I think often that Schoenberg's reputation needs to be liberated from those that succeeded him (not Webern and Berg, since they both died before Schoenberg), but rather those who pioneered the total serialism, the complete labyrinthine and impossible to understand systems that constitute so much modern music.

A.C. Douglas writes of "the lack of a perceptible and coherent musical narrative from work's beginning to end, which is to say the lack of the work's saying comprehensibly something beyond and exclusive of commentary on its own processes and methods which are — or ought to have been and be — but mere tools used in its making."

Schoenberg to me seems to be the unfortunate bearer of the burden of criticism for those who write music according to process, and music that provides only "commentary on its own processes and methods."  He is often seen as the one responsible for this unpleasant phenomenon.

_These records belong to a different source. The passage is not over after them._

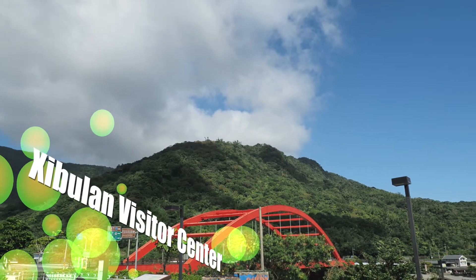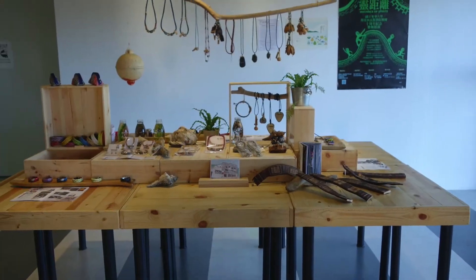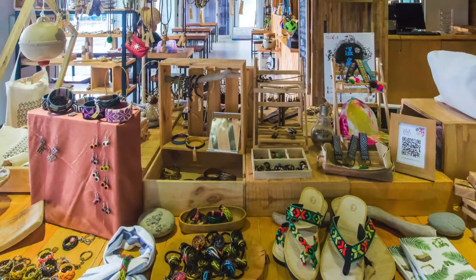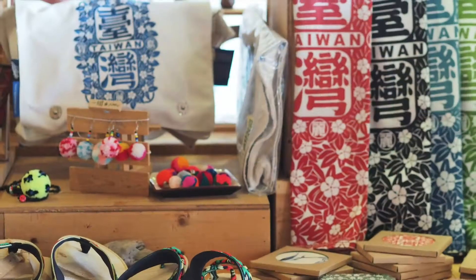The indoor decorations at the Zybulun Visitor Center are inspired by tribal elements. Designed with a warm wooden texture, the center provides visitors with information and light meal services. In addition, there is also a bookstore, cafe, souvenir shop, and farm-produced store.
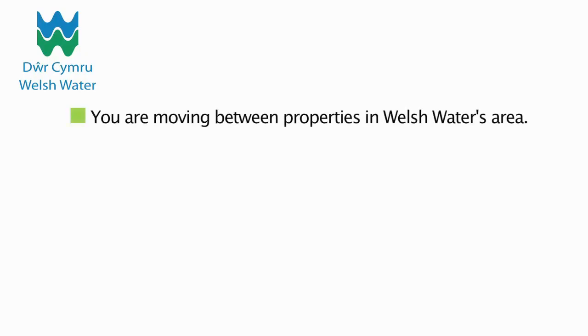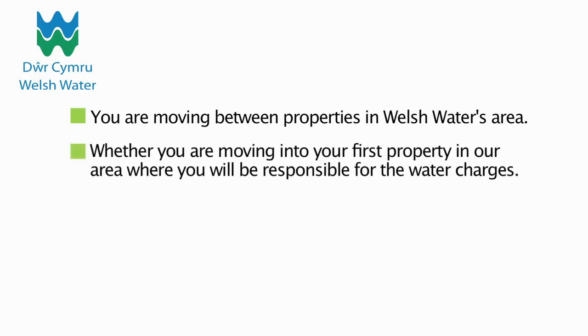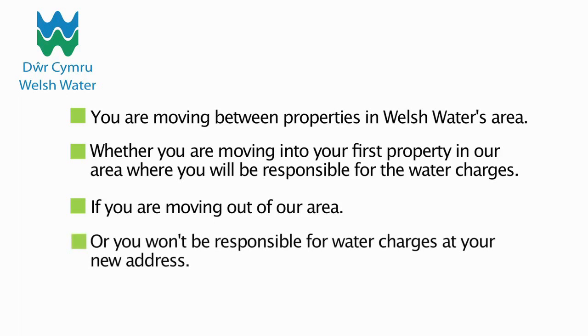Let us know online if you are moving between properties in Welsh Water's area, whether you are moving into your first property in our area where you will be responsible for the water charges, or if you are moving out of our area or you won't be responsible for water charges at your new address.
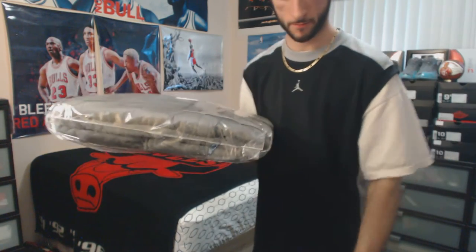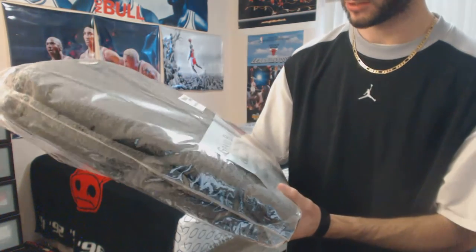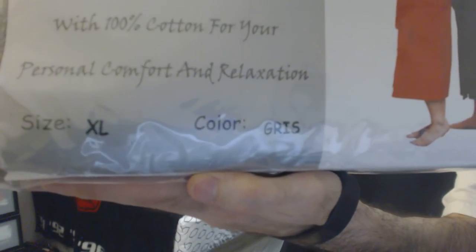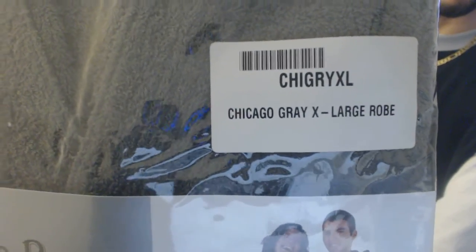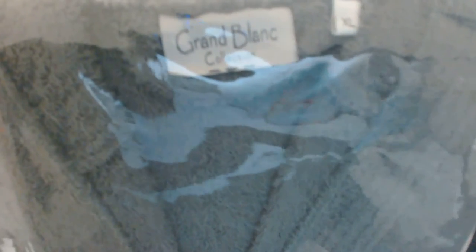Alright, this is a Grand Blank Collection Chicago classic. Grand Blank Collection is the name of the brand. Let's debut.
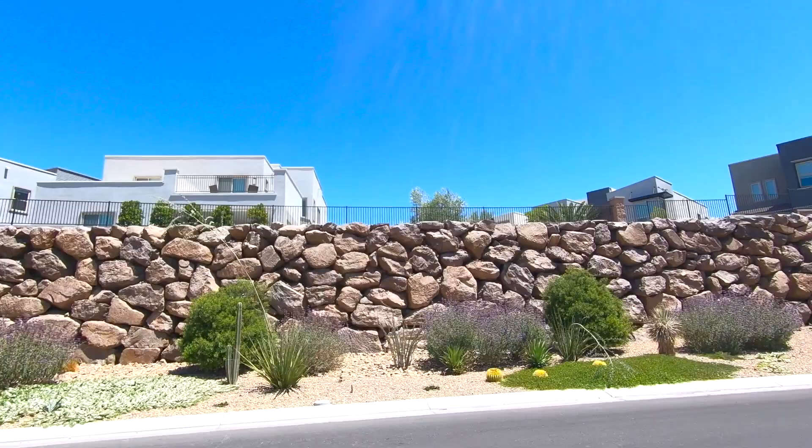Let's head down the hallway. There's a very nice separation between the master and the other bedrooms. We do have some built-ins at the end of the hallway right in front of the laundry room. This is a pretty good size laundry room with a couple of windows, uppers and lowers, a sink, and a data hub for home automation.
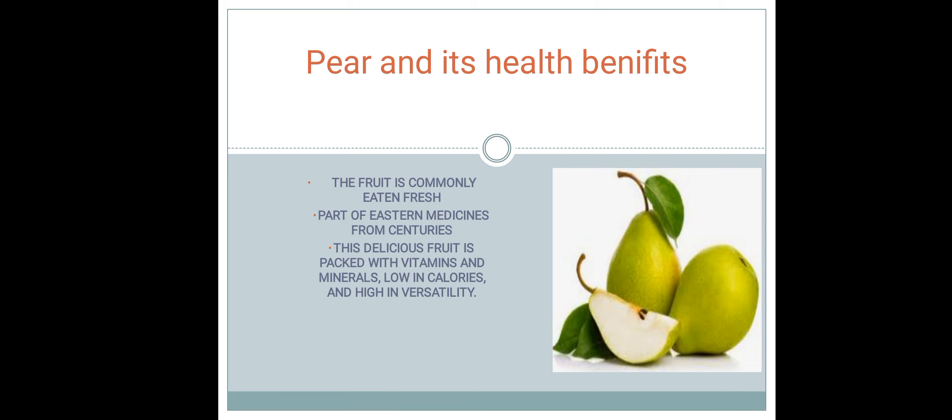Assalamualaikum viewers, you are watching my channel Food Tips and Tricks and today I have a video about Pears and its Health Benefits. As you know, the season is pears and these are easily affordable fruits. So let's talk about it in the introduction.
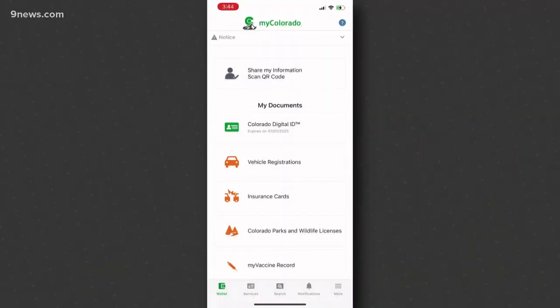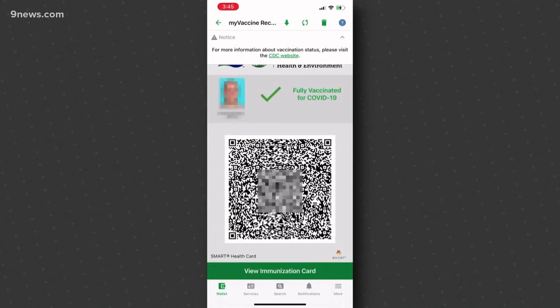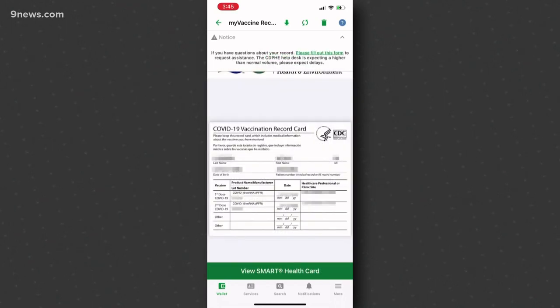Another question from your stack. Chuck says his booster shot and his wife's booster aren't showing up in the My Colorado app. You're supposed to be able to show that to get in places that require vaccines. He says they got their boosters four weeks ago and still nothing. Chuck was curious how long it should take.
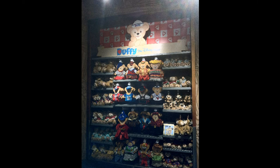Duffy the Disney Bear is the big push, and has been the big push for about a year and a half now at the parks. And as someone who visits the parks every weekend, I can tell you that this collection of Duffy costumes is pretty comprehensive actually. There's not a lot of places that have that many of the Duffy costumes, certainly not all in one spot.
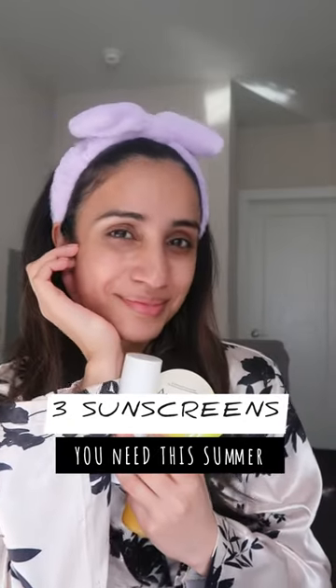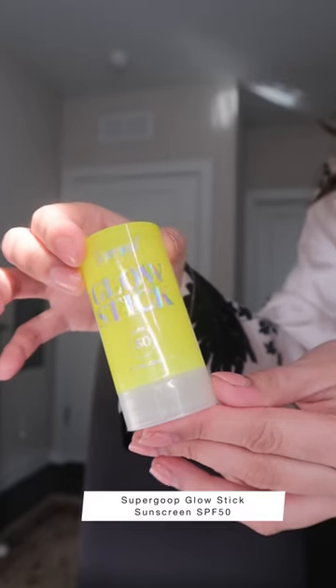Three sunscreens you need to get your hands on this summer. The first one is Supergoop Glowstick Sunscreen SPF 50.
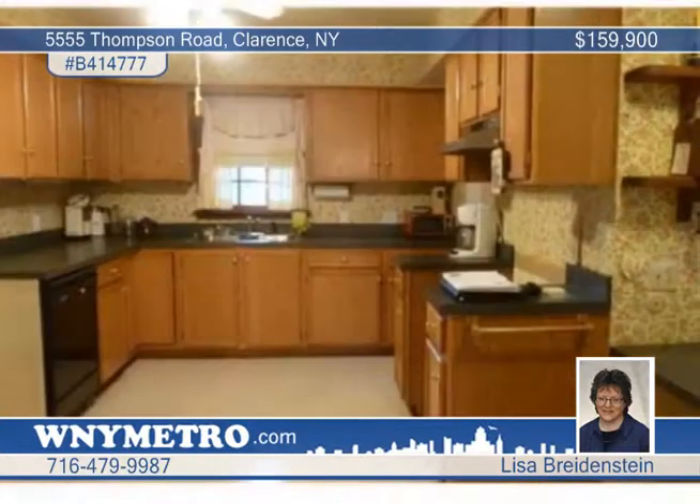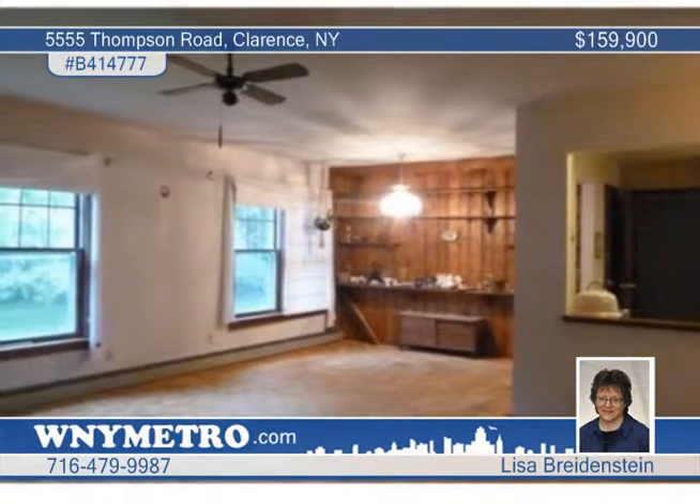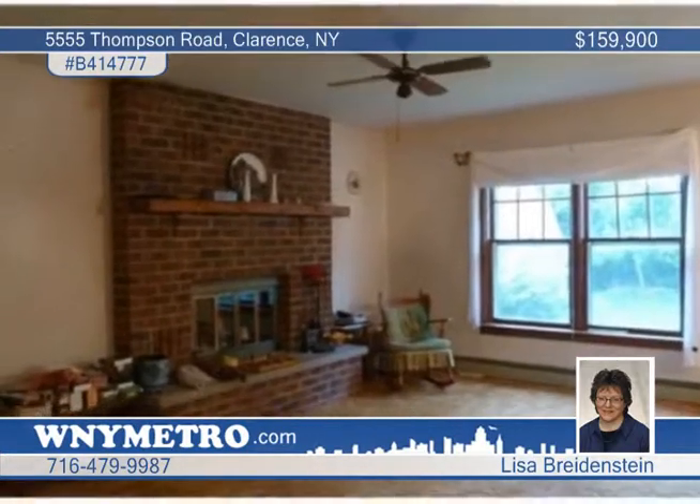Inside, the kitchen is updated with new cabinets and has a pass-through to the living room with a brick fireplace and built-in shelving. The full basement has higher ceilings, and there's an attached two-car garage and a rear-covered deck.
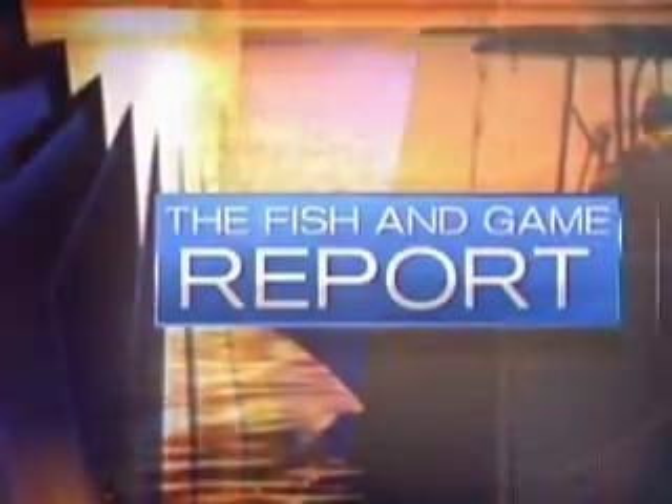It's been called the Great Wall of Chalmette, and the flood protection structure is helping create a trout hot spot, as Don Dubuque explains in tonight's Fish and Game report.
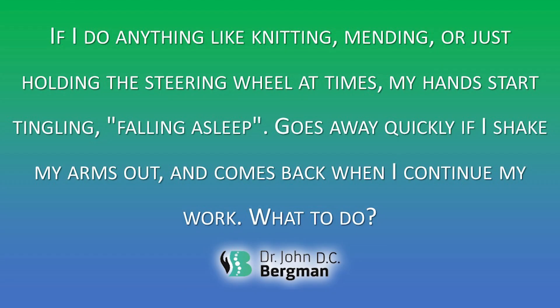Question four from Kline Aerotex: if I do anything like knitting, mending, or holding the steering wheel, my hands tingle and fall asleep. It goes quickly away if I shake my arms, but comes back when I continue the work. What should I do? This is guaranteed coming from the neck. You've got to get to a corrective chiropractor for static and stress x-rays — but you cannot look at just the neck; you've got to look at the entire structure. Doctors get into trouble when they only x-ray the site of symptoms without looking at why the symptom is there. Thoracic deviation, loss of lumbar curve, unstable pelvis, or upper cervical trauma can all be contributing factors. We need our hands for work, so get to a corrective chiropractor.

People seeking to justify his existence (and one wonders why) say things like, "Well, you can find a tone row in Liszt's Faust Symphony," or wherever, meaning only that Liszt used the twelve chromatic pitches in succession without repetition (and in this case, that only happens in one part, it's not even a texture).  I often feel embarassed for colleagues who assert things like that, and think it must be necessary to save Schoenberg from his defenders!

His most enlightening comments are on those of his actual composition process: not the constructing of a row and its permutations, but the rare description he gives of the uncontainable inspiration he received when composing.  I can find the exact quotes if you like, but he describes the rows he devises as integrating so deeply into his thought, that he is no longer aware of them; the results just come organically.  He gives many such revealing comments about the true process of composition, which is to say, the translation of inspiration into product.

This concerto seems to me to be an inspired creation (I've heard the whole thing even though you didn't post it all yet) and has so many layers of polyphony that seem to relate back to the theme.  I think he subtly uses intervals to suggest the opening music, and he really gives those intervals presence and character.  There's a narrative here, and an organic substance that makes musical logic.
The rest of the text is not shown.